▸ **Stored data**:
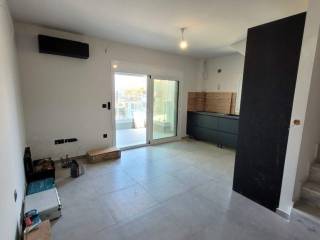 Maisonette - Grekodom 51990|1001830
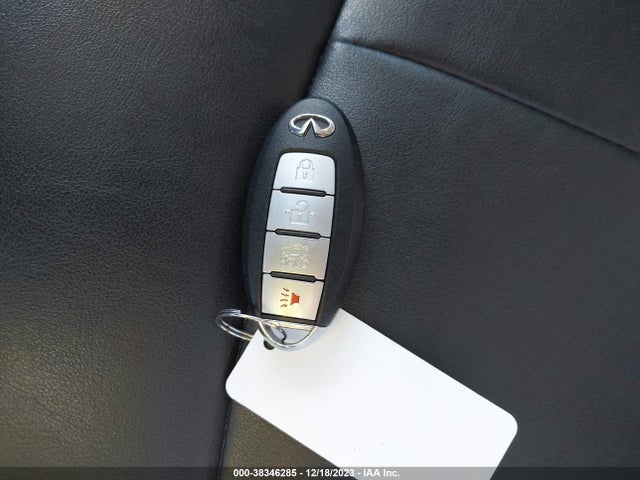 JN1EV7AP7HM732001 Infiniti Q50 3.0t Premium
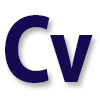 (c) Cvluis.wordpress.com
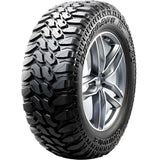 Radar Renegade R7 MT
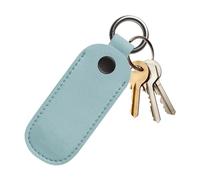 Boîtier de Transmission Flash De, boîte de Rangement de Transmission Flash | USB en PU, Petit étui Portable, Accessoires électroniques, Organisateur USB pour étudiants, Enseignants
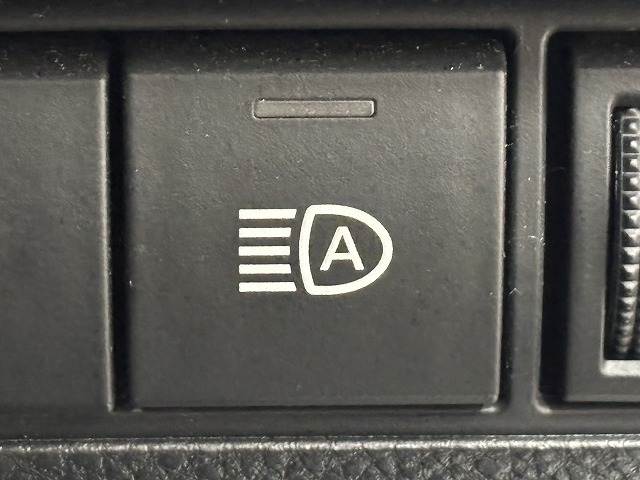 トヨタ カローラクロスの画像9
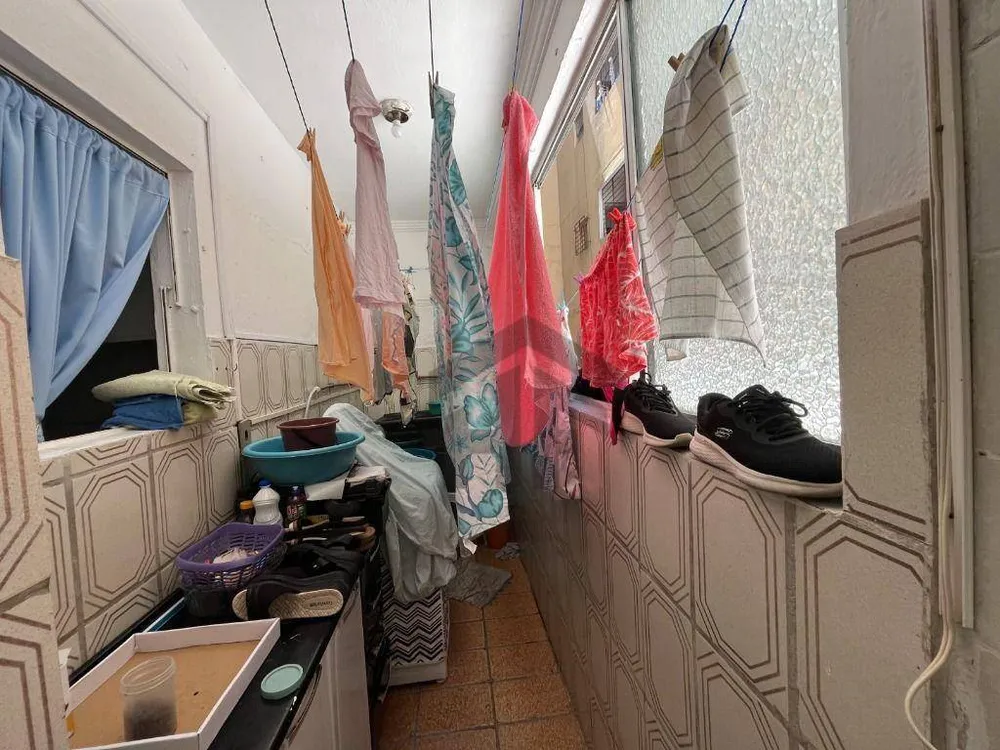 Apartamento, 3 quartos, 66 m² - Foto 11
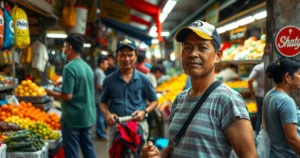 World Bank Binawasan ang Paglago ng Ekonomiya ng Pilipinas sa 3.7% para sa 2026
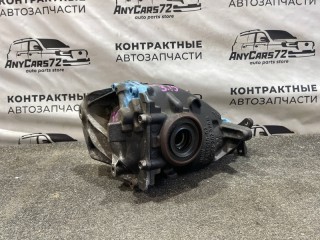 редуктор, ориг. номер 33107603748, BMW 3-Series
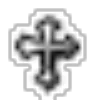 🧛‍♀️ Эмодзи «vampiristic» для Telegram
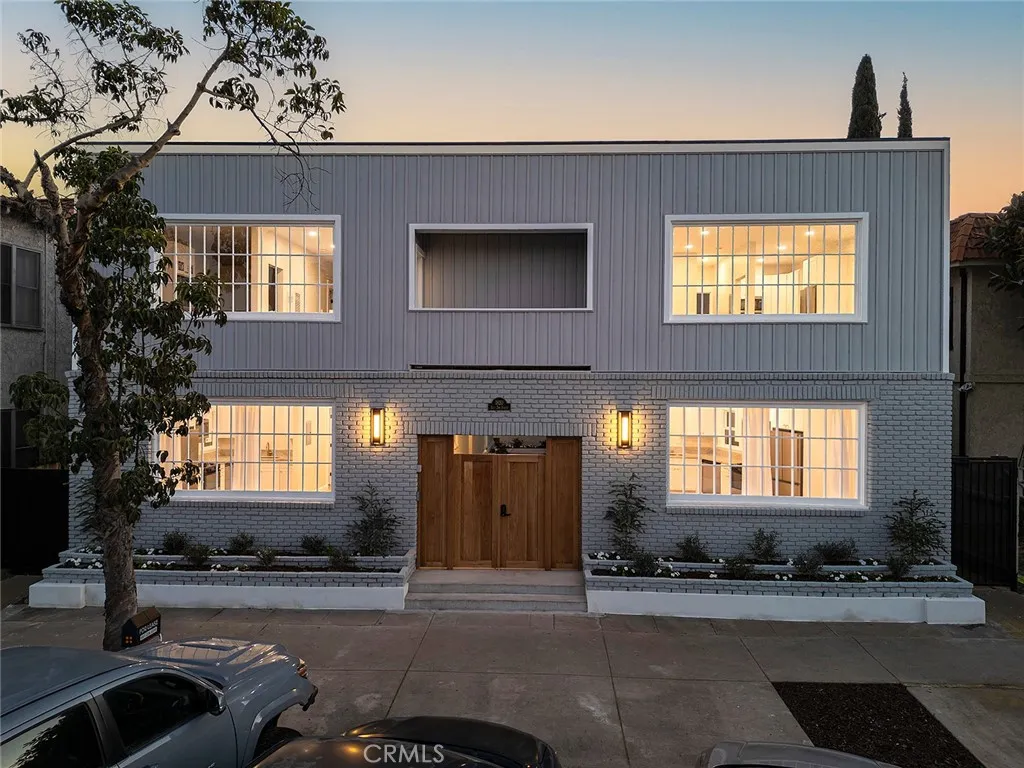 1822 E 2nd Unit 6, Long Beach, CA 90802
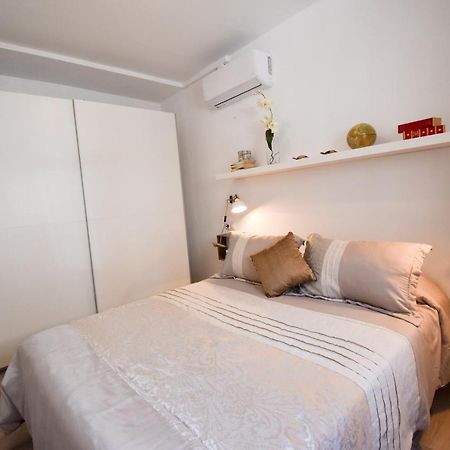 Casa Los Titos Arriate Ngoại thất bức ảnh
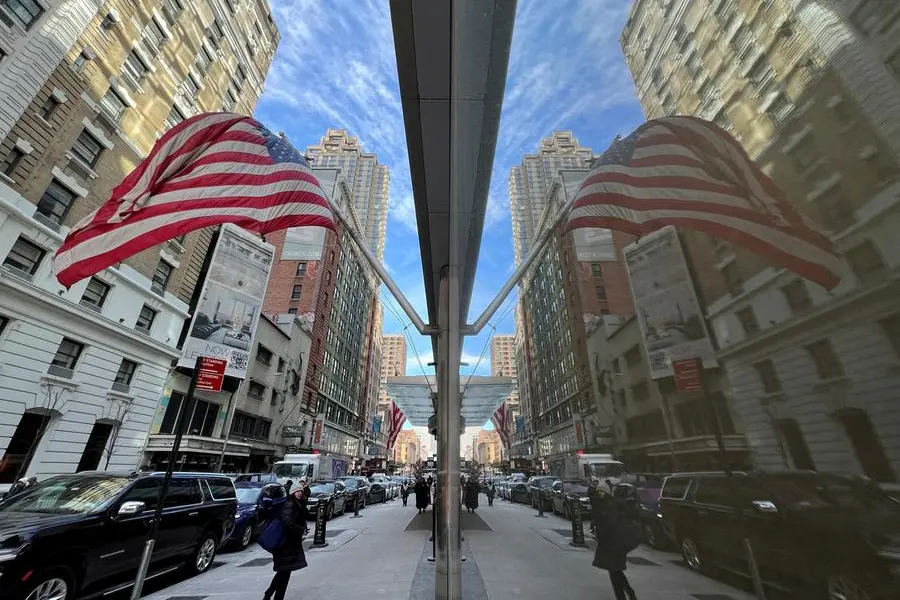 Reuters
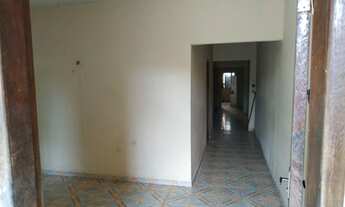 Imagem 3: Casa no centro Casa com 2 dormitórios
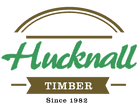 Hucknall Timber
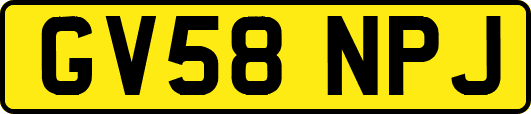 GV58NPJ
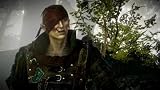 The Witcher 2: Assassins Of Kings Enhanced Edition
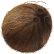 :coconuts:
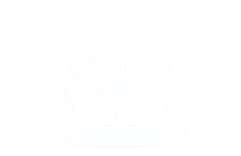 Kinvara Clinic Logo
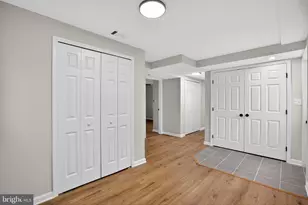 39591 Mason Dr, Mechanicsville, MD 20659 - Photo 18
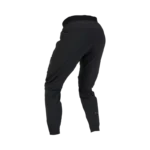 FLEXAIR PRO FIRE ALPHA# PANT [BLK]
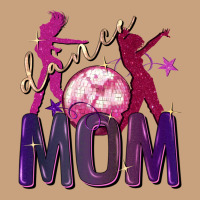 Dance Mom Mother's Day Vintage Tee | Teevron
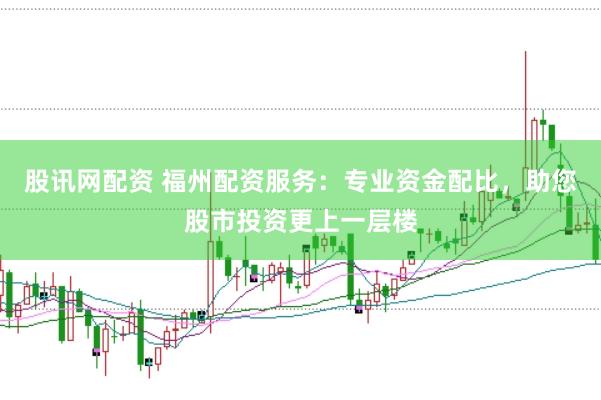 股讯网配资 福州配资服务：专业资金配比，助您股市投资更上一层楼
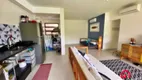 Foto 6 de Casa de Condomínio com 3 Quartos à venda, 140m² em Riviera de São Lourenço, Bertioga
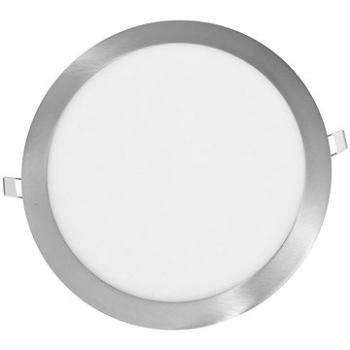 LED podhledové svítidlo LADA LED/25W/230V 4100K IP44 (110364)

▸ **Task details**: From the line containing "39591 Mason Dr, Mechanicsville, MD" down to the last line of the entries above, retype each line exactly as it stands, but skip the pictures.

▸ **Task response**:
 39591 Mason Dr, Mechanicsville, MD 20659 - Photo 18
 FLEXAIR PRO FIRE ALPHA# PANT [BLK]
 Dance Mom Mother's Day Vintage Tee | Teevron
 股讯网配资 福州配资服务：专业资金配比，助您股市投资更上一层楼
 Foto 6 de Casa de Condomínio com 3 Quartos à venda, 140m² em Riviera de São Lourenço, Bertioga
 LED podhledové svítidlo LADA LED/25W/230V 4100K IP44 (110364)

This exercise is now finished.